::: Records supplied :::

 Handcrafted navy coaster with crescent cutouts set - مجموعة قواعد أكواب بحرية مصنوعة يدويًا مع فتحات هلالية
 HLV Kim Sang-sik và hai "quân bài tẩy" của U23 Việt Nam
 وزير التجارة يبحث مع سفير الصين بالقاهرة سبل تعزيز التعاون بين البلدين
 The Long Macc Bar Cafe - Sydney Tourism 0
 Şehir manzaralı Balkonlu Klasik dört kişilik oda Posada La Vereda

:::
::: Records supplied :::

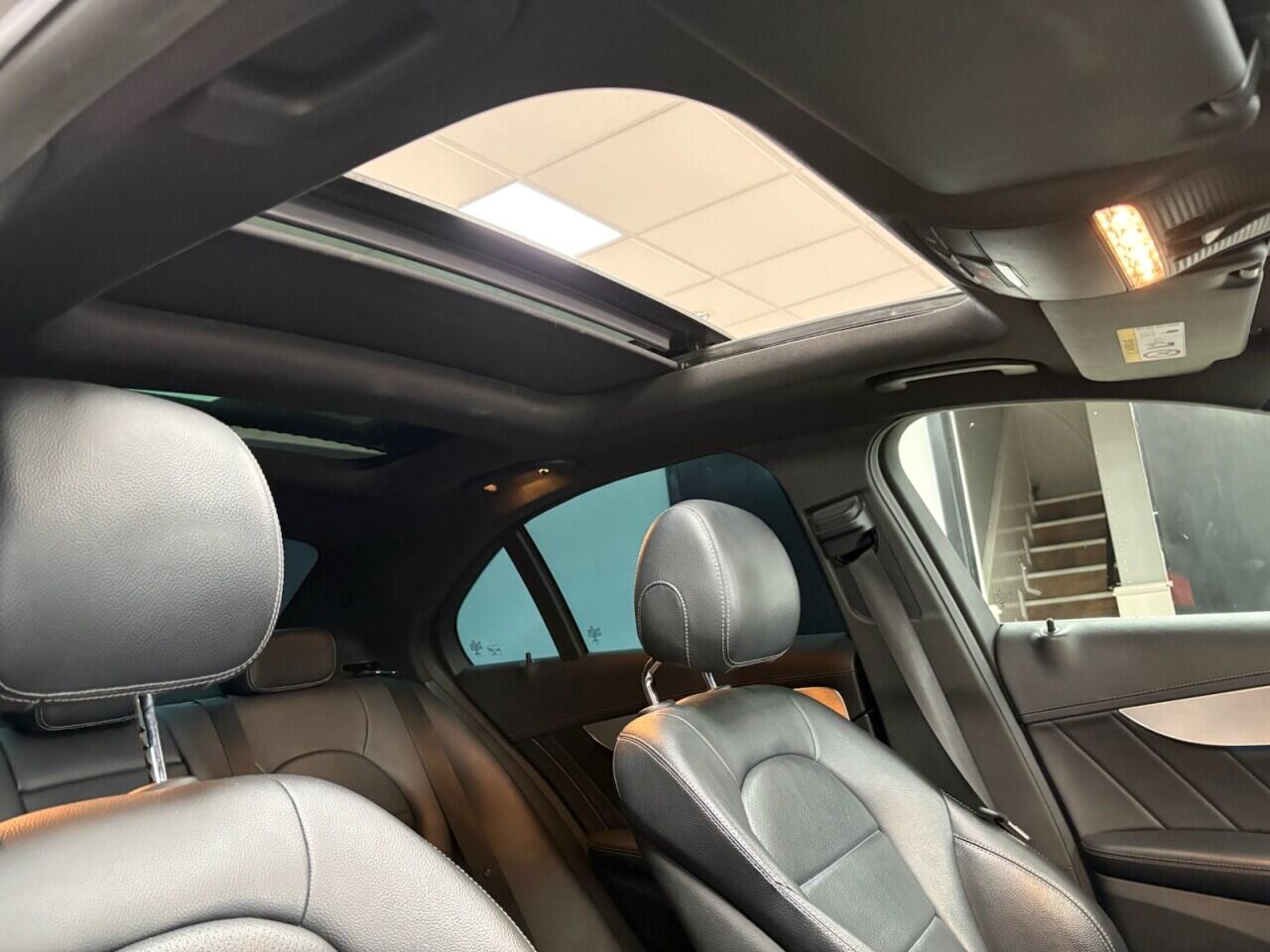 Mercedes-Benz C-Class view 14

:::

Set down exactly the lines of the data above, beginning with the line that has "Handcrafted navy coaster" and ending with the line that has "Şehir manzaralı Balkonlu", and no others.

 Handcrafted navy coaster with crescent cutouts set - مجموعة قواعد أكواب بحرية مصنوعة يدويًا مع فتحات هلالية
 HLV Kim Sang-sik và hai "quân bài tẩy" của U23 Việt Nam
 وزير التجارة يبحث مع سفير الصين بالقاهرة سبل تعزيز التعاون بين البلدين
 The Long Macc Bar Cafe - Sydney Tourism 0
 Şehir manzaralı Balkonlu Klasik dört kişilik oda Posada La Vereda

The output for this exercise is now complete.